I have a question about analyzing data from a database.

I know that I can easily create SFrames from a csv file etc.

However, the data I want to analyze sits in a database, not in a file.

What methods are people using when the data they want to analyze with graphlab is in a database? What is the usual/graphlab recommended method?

I have had two strategies for dealing with this so far:

1) Use pandas to create a csv file from the data in the database and create an SFrame from that csv. (not good) 2) Writing my own function that takes data from the database (mongodb) using a python library (pymongo) and creating an SFrame myself.
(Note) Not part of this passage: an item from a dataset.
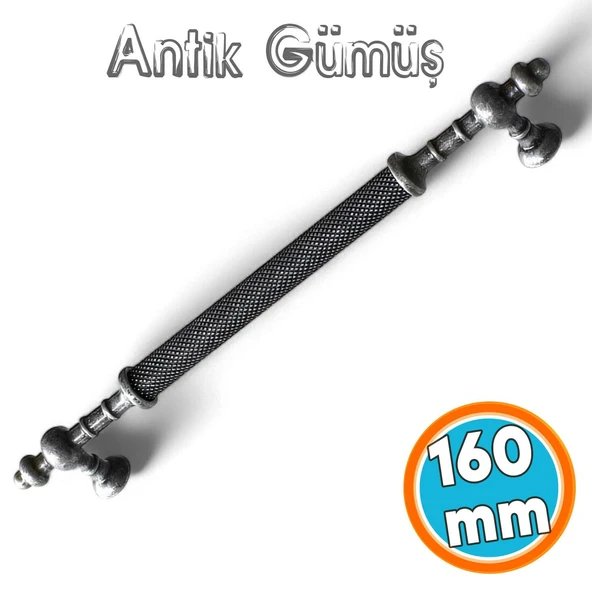 Mobilya Mutfak Çekmece Dolap Dolabı Kulpu Kulbu Kulpları Eskitme Antik Gümüş Metal 160 mm ürün görseli 1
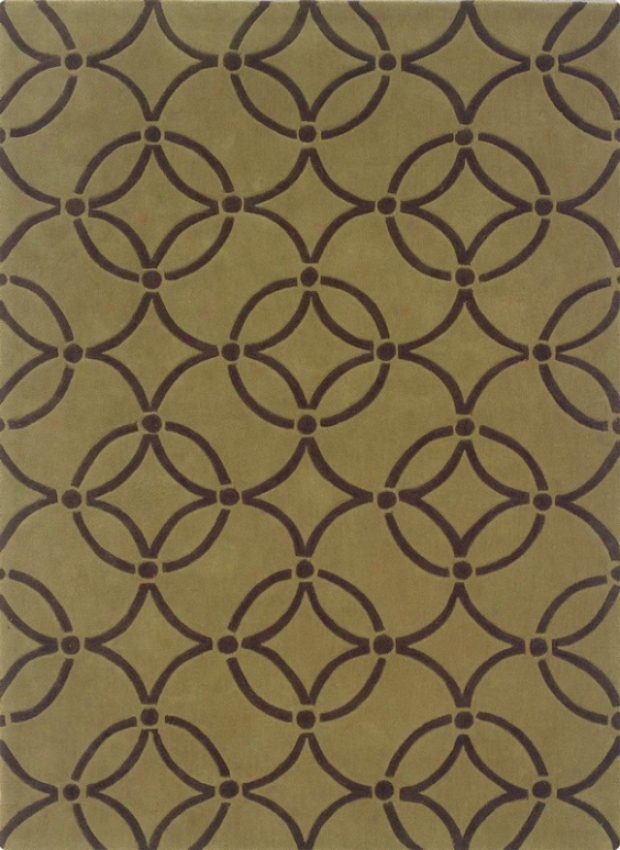 8' X 10' Area Rug Circles Pattern In Wasabi And Chocolate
This works but I thought there probably is an easier way of doing this?

Hi It is actually much easier than you imagined as we support direct reading and writing from databases as explained here:

Hi @DannyBickson

I just saw your reply. Thanks a lot. A few issues:

  1. The link you posted does not work. (perhaps due to name change from dato to turi?) I am guessing you were pointing here:

These instructions seem to be written for sql. "[ODBC] remains one of the most universal ways to communicate with SQL databases"

Any help you can give me on working with mongodb? Anyone?

I currently have an IP address to the mongo server of my company and would not know to set up ODBC on my own. A quick google search for odbc for mongodb was not super helpful either, even after assuming graphlab would support it. A set of instructions similar to those above for odbc-sql would be helpful.


PS: is there a way to be notified of replies to these posts? I would like to be notified when someone responds to my question.